Bunun ardından başka bir riske dikkat çekiyor ve "Tam da tersine, tedavi görmediği için depresyonun yarattığı yoğunlaşma güçlüğü, dikkatsizlik gibi nedenler bir iş kazasına yol açabilir" diyor.

'Acılar tekrar deşiliyor'

Peki ne yapılmalı? Aker bu sorumu şöyle yanıtlıyor:
"Ruh sağlığı uzmanı, psikolog bulundurarak bu kişilere yerinde destek vermek gerekir. Maden işvereni olsam bu ihtiyacı yerinde ve yakından karşılamak için bunu tercih ederim, iş verimini arttırmak için. Diğeri zaten iş verimini azaltıyor, bunu zararını henüz görmüyorlar."

Psikiyatri uzmanı Prof. Dr. Peykan Gençoğlu Gökalp da, ilaç kullanımının olası etkileriyle ilgili genelleme yapılamayacağını ve her kişinin tek tek değerlendirilmesi gerektiğini söylüyor.

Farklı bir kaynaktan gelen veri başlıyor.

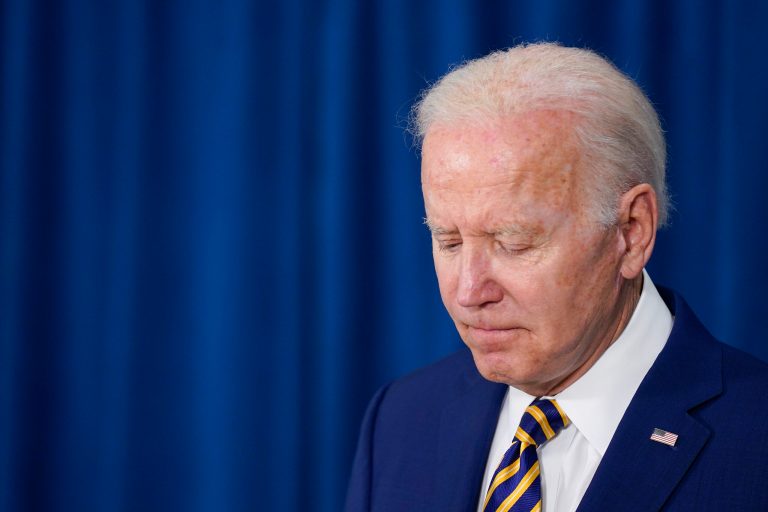 President Joe Biden pauses as he answers a reporter's question about Ukraine after speaking about the May jobs report, Friday, June 3, 2022, in Rehoboth Beach, Delaware.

"Psikiyatride kullanılan ilaçların hepsi birbirinin aynı değildir. Bu nedenle uzaktan uzağa bir görüş bildirmek mümkün değildir, 'Bu ilaçları kullananlarda hiçbir sakınca olmaz' da denemez, ya da 'Sakınca vardır, katiyen giremezler' de denemez."
Bütün bu değerlendirmelerin ardından APHB'nin Soma'da yer alan ve 14 Mayıs sabahı bir başka Soma'ya uyanan binlerce kişi için çalışan psikososyal destek merkezinden psikolog Çiğdem Yumbul'un söylediklerine kulak vermek gerek belki de.

Yumbul bugünün Soması'nı şöyle anlatıyor:
"Arama kurtarmaya katılanların ve yaralı çıkanların durumu biraz daha farklı. Çünkü işten çıkarılmalar oldu. O korkunçtu. Onların ailelerini de katın, işten çıkarmalardan etkilenen 10 bin kişiden bahsediyoruz. Travma semptomları, işsizlik, dava süreçlerinin başlıyor olması, facianın yıldönümünün yaklaşması nedeniyle, bu tür ikincil etkilerle acılar tekrar deşiliyor."